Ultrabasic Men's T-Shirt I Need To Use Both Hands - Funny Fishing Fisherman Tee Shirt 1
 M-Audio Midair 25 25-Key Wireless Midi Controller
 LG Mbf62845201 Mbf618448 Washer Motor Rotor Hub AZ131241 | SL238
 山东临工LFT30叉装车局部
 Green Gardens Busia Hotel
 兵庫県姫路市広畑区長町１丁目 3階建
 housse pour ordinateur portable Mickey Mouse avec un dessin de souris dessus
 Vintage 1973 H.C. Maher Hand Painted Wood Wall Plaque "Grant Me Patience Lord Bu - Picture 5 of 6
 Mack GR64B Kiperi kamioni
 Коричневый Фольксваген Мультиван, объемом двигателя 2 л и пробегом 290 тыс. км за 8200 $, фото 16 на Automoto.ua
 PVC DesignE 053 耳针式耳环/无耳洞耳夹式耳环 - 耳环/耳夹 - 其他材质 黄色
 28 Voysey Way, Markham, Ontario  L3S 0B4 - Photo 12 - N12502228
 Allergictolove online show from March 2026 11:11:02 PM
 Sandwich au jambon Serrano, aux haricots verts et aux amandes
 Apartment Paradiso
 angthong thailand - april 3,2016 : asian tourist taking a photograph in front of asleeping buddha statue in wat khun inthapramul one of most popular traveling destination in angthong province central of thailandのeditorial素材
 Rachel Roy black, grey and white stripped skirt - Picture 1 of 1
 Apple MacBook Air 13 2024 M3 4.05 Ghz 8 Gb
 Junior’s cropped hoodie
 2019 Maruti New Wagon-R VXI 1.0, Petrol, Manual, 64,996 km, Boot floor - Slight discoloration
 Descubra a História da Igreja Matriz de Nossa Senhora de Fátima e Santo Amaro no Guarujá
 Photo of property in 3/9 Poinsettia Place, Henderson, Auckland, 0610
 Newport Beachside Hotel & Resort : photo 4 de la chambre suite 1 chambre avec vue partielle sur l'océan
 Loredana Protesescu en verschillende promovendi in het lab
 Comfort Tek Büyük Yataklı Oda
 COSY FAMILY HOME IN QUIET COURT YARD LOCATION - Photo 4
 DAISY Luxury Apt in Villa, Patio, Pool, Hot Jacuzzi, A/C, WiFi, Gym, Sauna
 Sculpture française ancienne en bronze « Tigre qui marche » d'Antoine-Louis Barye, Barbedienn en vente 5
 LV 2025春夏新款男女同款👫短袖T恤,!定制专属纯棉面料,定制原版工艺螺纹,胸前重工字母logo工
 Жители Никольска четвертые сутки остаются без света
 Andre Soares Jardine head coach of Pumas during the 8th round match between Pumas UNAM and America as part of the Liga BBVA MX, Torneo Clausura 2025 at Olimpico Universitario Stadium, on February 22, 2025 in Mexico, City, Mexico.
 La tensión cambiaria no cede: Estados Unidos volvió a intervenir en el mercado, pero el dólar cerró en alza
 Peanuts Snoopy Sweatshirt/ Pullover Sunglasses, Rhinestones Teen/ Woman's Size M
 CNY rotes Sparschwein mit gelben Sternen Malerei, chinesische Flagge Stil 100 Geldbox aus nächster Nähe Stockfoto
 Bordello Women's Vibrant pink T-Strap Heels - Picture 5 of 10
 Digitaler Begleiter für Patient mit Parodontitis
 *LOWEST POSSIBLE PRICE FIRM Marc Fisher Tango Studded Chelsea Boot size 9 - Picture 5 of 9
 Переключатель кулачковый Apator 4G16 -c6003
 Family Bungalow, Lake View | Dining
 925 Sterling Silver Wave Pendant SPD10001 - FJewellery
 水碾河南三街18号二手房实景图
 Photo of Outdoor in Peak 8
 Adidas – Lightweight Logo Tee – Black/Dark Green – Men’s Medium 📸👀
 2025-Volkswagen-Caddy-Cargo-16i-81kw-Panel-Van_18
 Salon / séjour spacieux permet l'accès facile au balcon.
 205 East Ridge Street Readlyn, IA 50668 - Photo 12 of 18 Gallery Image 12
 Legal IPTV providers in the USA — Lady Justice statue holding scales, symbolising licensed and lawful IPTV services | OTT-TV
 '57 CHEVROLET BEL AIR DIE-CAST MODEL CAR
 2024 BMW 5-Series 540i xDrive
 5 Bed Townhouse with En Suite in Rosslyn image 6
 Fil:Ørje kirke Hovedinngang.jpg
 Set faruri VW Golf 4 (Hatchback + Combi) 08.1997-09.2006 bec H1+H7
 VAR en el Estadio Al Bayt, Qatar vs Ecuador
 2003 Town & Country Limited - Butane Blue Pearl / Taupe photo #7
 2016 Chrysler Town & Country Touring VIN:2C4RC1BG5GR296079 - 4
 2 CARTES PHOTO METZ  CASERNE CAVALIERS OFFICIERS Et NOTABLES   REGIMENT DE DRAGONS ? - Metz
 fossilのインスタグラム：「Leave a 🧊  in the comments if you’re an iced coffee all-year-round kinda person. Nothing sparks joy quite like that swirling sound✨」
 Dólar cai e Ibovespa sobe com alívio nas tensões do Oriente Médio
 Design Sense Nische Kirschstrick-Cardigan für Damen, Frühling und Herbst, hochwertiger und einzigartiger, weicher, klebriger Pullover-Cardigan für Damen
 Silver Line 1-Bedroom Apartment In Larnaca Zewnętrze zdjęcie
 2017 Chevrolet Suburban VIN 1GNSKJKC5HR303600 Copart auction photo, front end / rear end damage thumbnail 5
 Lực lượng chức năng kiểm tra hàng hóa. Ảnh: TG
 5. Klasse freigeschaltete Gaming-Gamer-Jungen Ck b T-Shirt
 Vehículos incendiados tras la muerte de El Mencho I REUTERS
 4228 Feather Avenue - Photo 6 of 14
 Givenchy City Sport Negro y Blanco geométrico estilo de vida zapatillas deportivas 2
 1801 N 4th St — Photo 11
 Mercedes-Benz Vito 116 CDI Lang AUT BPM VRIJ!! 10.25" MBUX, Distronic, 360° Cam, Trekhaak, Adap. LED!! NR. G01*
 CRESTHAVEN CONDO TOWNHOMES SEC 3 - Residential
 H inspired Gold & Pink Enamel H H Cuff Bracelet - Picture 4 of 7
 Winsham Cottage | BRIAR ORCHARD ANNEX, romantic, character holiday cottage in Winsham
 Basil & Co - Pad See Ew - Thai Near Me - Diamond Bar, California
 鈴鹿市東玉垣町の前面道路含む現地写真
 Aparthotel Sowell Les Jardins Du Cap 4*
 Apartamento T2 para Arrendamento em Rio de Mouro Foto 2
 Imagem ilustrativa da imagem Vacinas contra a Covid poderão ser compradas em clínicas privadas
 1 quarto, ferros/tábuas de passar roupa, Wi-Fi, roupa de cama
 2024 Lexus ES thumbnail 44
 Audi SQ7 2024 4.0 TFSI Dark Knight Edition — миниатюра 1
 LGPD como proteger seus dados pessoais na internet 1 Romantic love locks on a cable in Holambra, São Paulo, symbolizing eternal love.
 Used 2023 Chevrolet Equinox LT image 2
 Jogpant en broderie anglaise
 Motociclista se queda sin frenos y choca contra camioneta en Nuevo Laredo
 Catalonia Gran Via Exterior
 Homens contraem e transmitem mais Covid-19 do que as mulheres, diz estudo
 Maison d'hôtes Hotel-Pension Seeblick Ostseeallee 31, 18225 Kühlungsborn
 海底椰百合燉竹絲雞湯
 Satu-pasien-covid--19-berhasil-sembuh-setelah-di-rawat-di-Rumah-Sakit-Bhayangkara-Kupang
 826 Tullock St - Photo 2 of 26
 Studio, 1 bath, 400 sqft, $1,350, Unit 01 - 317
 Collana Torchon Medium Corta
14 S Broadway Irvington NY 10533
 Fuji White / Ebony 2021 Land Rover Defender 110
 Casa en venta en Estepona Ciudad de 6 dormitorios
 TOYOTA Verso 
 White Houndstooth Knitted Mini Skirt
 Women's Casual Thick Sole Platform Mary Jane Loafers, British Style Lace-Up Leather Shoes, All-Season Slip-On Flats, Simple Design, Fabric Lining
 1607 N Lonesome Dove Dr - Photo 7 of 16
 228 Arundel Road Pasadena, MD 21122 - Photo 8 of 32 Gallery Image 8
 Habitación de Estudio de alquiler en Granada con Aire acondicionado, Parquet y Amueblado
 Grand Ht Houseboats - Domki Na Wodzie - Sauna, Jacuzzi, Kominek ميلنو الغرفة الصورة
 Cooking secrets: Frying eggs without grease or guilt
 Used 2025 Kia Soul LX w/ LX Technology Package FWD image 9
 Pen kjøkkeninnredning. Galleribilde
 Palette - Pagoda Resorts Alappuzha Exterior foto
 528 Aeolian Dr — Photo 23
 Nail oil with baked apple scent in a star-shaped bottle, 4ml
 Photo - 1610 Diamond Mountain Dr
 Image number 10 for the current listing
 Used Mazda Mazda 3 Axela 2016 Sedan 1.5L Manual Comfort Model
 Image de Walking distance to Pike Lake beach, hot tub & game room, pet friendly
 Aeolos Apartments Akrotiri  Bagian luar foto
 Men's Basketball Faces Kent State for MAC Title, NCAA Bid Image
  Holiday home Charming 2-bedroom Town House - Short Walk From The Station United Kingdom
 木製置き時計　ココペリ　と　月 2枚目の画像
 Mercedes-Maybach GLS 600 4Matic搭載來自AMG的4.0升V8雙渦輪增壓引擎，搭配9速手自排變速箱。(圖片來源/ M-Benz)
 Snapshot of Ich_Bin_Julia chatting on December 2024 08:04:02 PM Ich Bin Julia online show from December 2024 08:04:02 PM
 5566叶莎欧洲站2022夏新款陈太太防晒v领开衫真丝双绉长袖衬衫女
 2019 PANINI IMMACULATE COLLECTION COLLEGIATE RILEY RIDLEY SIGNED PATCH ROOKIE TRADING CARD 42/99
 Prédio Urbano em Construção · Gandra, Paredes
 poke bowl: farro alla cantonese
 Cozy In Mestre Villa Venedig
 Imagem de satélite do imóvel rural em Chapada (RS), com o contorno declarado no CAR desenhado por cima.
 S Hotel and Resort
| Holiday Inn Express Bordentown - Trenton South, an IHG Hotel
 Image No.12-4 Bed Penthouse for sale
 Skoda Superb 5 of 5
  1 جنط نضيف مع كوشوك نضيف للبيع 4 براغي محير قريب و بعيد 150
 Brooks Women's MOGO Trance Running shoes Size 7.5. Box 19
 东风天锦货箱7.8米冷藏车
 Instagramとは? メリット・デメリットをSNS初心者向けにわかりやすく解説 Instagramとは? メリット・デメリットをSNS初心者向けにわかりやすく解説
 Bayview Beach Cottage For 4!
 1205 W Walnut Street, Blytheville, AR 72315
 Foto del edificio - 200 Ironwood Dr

____

→ **Problem description**
Will you return exactly the lines above from the one with "Mercedes-Benz Vito 116" down to the one with "H inspired Gold", counting both as part of the range?

→ **Response area**
 Mercedes-Benz Vito 116 CDI Lang AUT BPM VRIJ!! 10.25" MBUX, Distronic, 360° Cam, Trekhaak, Adap. LED!! NR. G01*
 CRESTHAVEN CONDO TOWNHOMES SEC 3 - Residential
 H inspired Gold & Pink Enamel H H Cuff Bracelet - Picture 4 of 7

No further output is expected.